'''

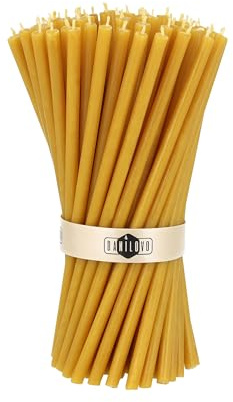 Danilovo Reine Bienenwachskerzen – tropffrei, rauchfrei, hohe, dünne Spitzkerzen – dekorative Kerzen für Kirchgebet, Deko oder Geburtstagskerzen – Honigduft Kerzen – 16,5 x 0,57 cm (50 Stück)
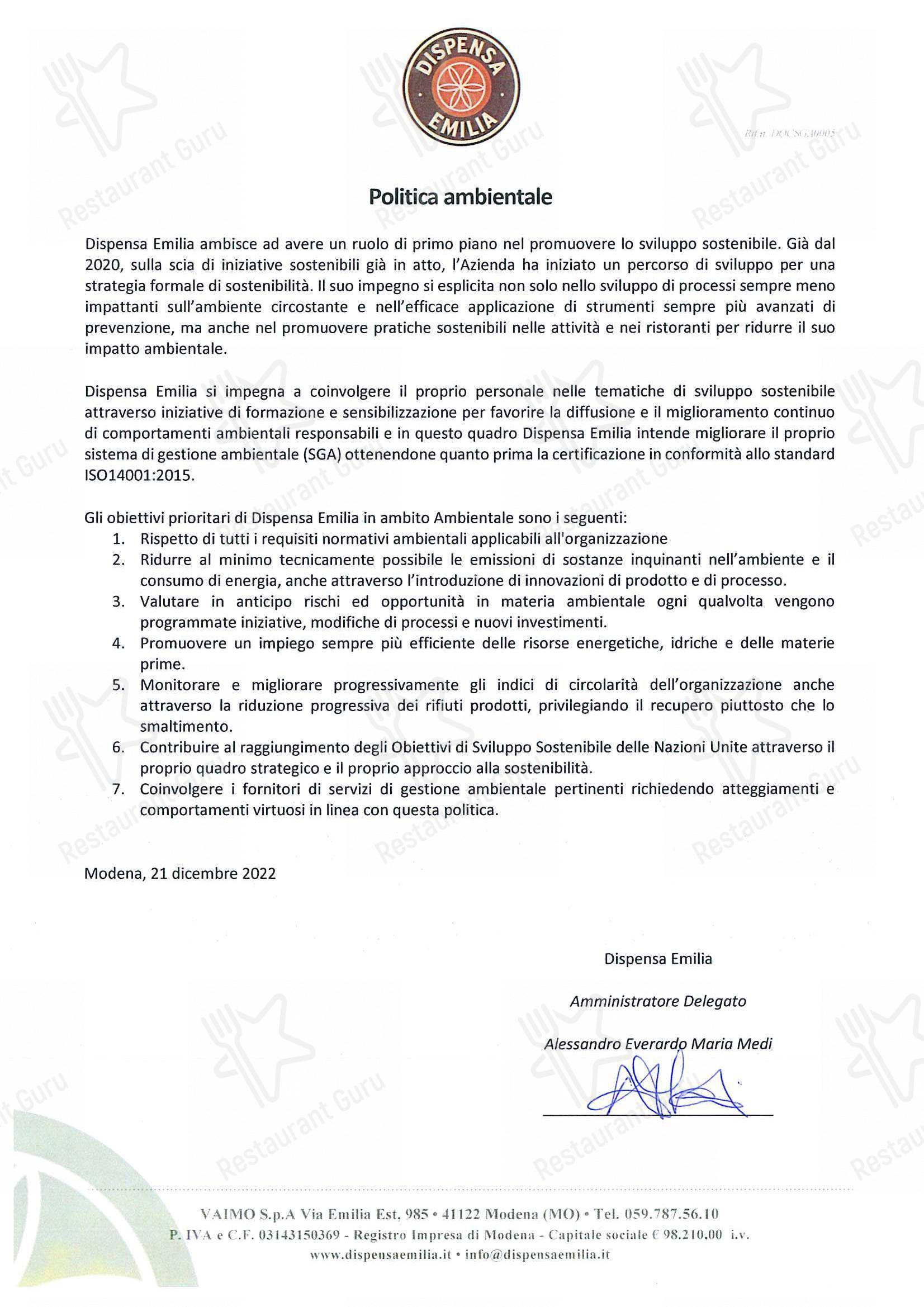 Основное меню per Dispensa Emilia I Gigli Campi Bisenzio in Campi Bisenzio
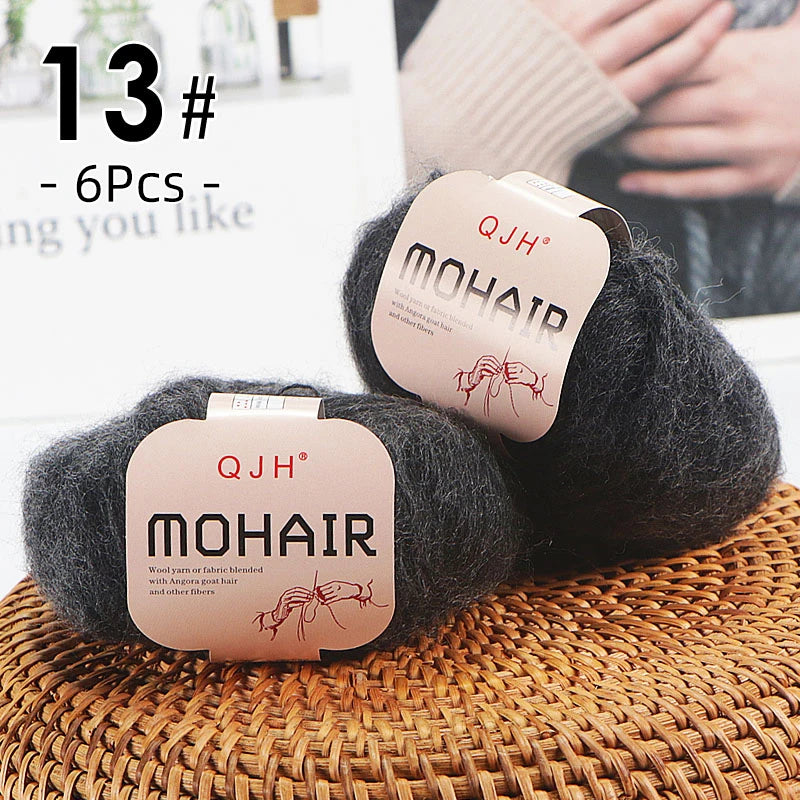Set 6 gomitoli filato mohair morbido – lana angora effetto fluffy per maglioni, sciarpe, shawl fai-da-te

'''

> **Prompt**:
The result should be the listing above, restated exactly, with no pictures in it.

> **Answer to the problem**:
 Danilovo Reine Bienenwachskerzen – tropffrei, rauchfrei, hohe, dünne Spitzkerzen – dekorative Kerzen für Kirchgebet, Deko oder Geburtstagskerzen – Honigduft Kerzen – 16,5 x 0,57 cm (50 Stück)
 Основное меню per Dispensa Emilia I Gigli Campi Bisenzio in Campi Bisenzio
Set 6 gomitoli filato mohair morbido – lana angora effetto fluffy per maglioni, sciarpe, shawl fai-da-te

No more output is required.